#### Task objective:
Please output all of the entries exactly and omit any images they hold.

START Task data

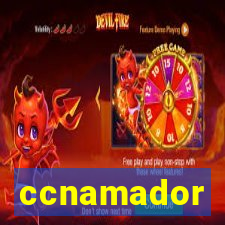 ccnamador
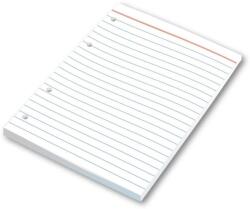 Notes gyűrűs jegyzetfüzethez, A5 (NN A5/1)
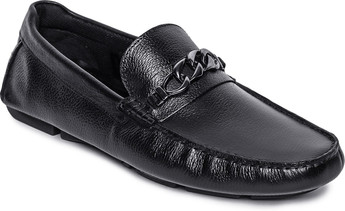 RED TAPE Driving Shoes For Men - Buy 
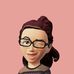Elizabeth Rowell - Facebook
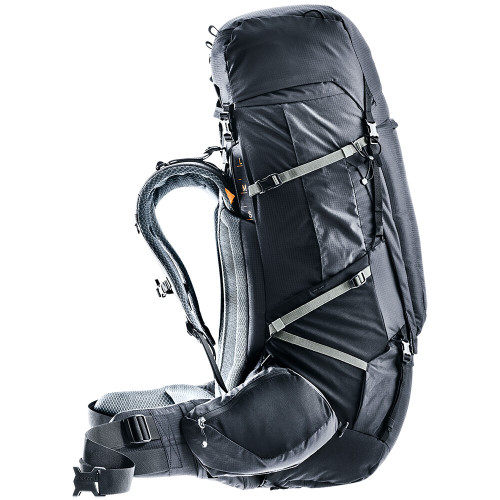 Deuter Aircontact Pro 75+10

END Task data

#### Task result:
 ccnamador
 Notes gyűrűs jegyzetfüzethez, A5 (NN A5/1)
 RED TAPE Driving Shoes For Men - Buy 
Elizabeth Rowell - Facebook
 Deuter Aircontact Pro 75+10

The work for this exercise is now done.